As the San Francisco Giants rotation continues dealing with multiple injuries, veteran righty Jakob Junis has emerged as one of the team’s most consistent arms. Despite starting the year at Triple-A, where he struggled mightily, Junis has become a trustworthy starter in San Francisco. The veteran has recorded a 2.76 ERA across six appearances (four starts) this season. He’s racked up 24 strikeouts across 32.2 innings pitched while surrendering just 26 hits, five walks, and four home runs.
Junis signed a one-year, $1.5 million contract with the Giants this offseason. A five-year MLB veteran, Junis had spent his entire professional career in the Kansas City Royals organization. From 2017-2021, Junis appeared in 105 games (89 starts) for the Royals striking out nearly a batter per inning but struggled to limit home runs and hard contact. Entering 2022, Junis had a 4.82 career ERA and was coming off his third-consecutive season with an ERA north of 5.00.

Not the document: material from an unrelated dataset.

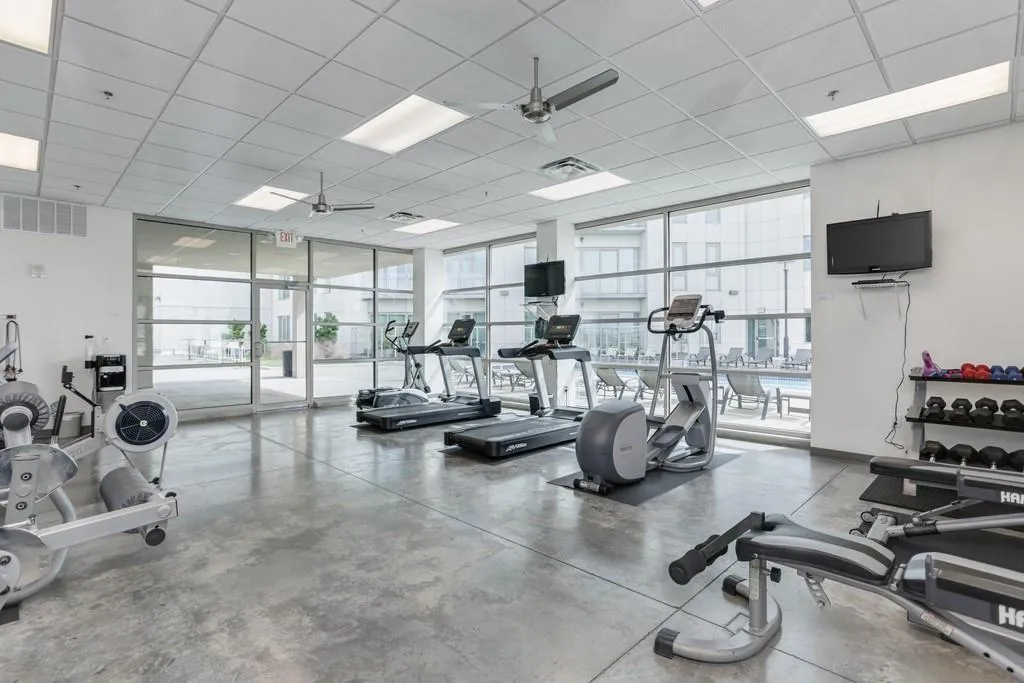 Exercise room with expansive windows, a ceiling fan, and a paneled ceiling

After the Giants optioned Junis to Triple-A at the start of the regular season, it looked like he could quickly find himself designated for assignment. In Junis’ first three starts, he walked nearly 10% of the batters he faced, allowed five home runs, and finished 11.1 innings with an 8.74 ERA. Yet, rather than looking elsewhere on the 40-man roster when a big-league need arose, San Francisco bet against the small sample and recalled Junis to their big-league roster.
He quickly proved them right.
Junis made a fantastic first impression on April 22nd, completing five shutout innings in relief in a 7-3 Giants victory over the Nationals. His sweeping slider, which has always been his best pitch, featured prominently that day, pairing well with his low-90s fastball and changeup. Junis only recorded four strikeouts but showed a knack for generating whiffs as well. It indeed proved a sign of things to come.
In the month since his Giants’ debut, Junis has lasted at least five innings in all eight of his appearances. He helped salvage the bullpen when injuries forced manager Gabe Kapler to consider multiple bullpen games each trip through the rotation. Now, he has solidified a spot every fifth day.
How did the SF Giants unleash this Jakob Junis?
Did the Giants really help transform a career back-end starter into a top arm?
The answer is a bit more complicated than yes or no. A look at Junis’ small sample of success shows some obvious warning signs for regression. Despite a career .305 BABIP, Junis has benefitted from just a .239 BABIP this season. His 83.3% strand rate is also well above league and his career averages. Both will likely move in the other direction over the coming months.
With that said, Junis could remain a solid mid-rotation option even if he suffers some negative regression. Junis is posting career bests in analytical ERA estimators like xERA (4.09), FIP (3.79), and xFIP (3.53), stats that attempt to separate luck from a pitcher’s performance.
On the surface, it looks like Junis’ improvements can be traced to changing his pitch usage. Junis has never been able to rely too heavily on his below-average fastballs, but has generally mixed and matched a four-seamer, cutter, and sinker on at least 50% of his pitches. This year, Junis has almost entirely stopped using a four-seamer or cutter and is throwing off-speed pitches nearly 70% of the time, per Baseball Savant.
Junis’ has always thrown his slider as much as any other pitch, but he’s taken that to another level with the Giants, throwing it 53.2% of the time. His changeup has seen a similar spike in usage. Previously, Junis has never thrown his changeup more than 6.9% of the time in any season. In 2022, he has thrown his changeup on 14.9% of his pitches. Both of those changes have paid off.
Opposing hitters are batting just .143 and .187 against Junis’ changeup and slider, respectively, this season. Both offerings have generated whiffs on more than 25% of opposing swings. Statcast data suggests each pitch has been hit a bit harder than the numbers suggest, but both are still clearly more effective than his sinker. Even amidst Junis’ success, opponents are teeing off on his sinker, posting a .345 average and .517 slugging percentage against it this season.
The SF Giants did not unearth another Cy Young candidate from the shadows in Jakob Junis. However, by having him lean more heavily on his best pitch, the Giants may have helped another arm reach their full potential.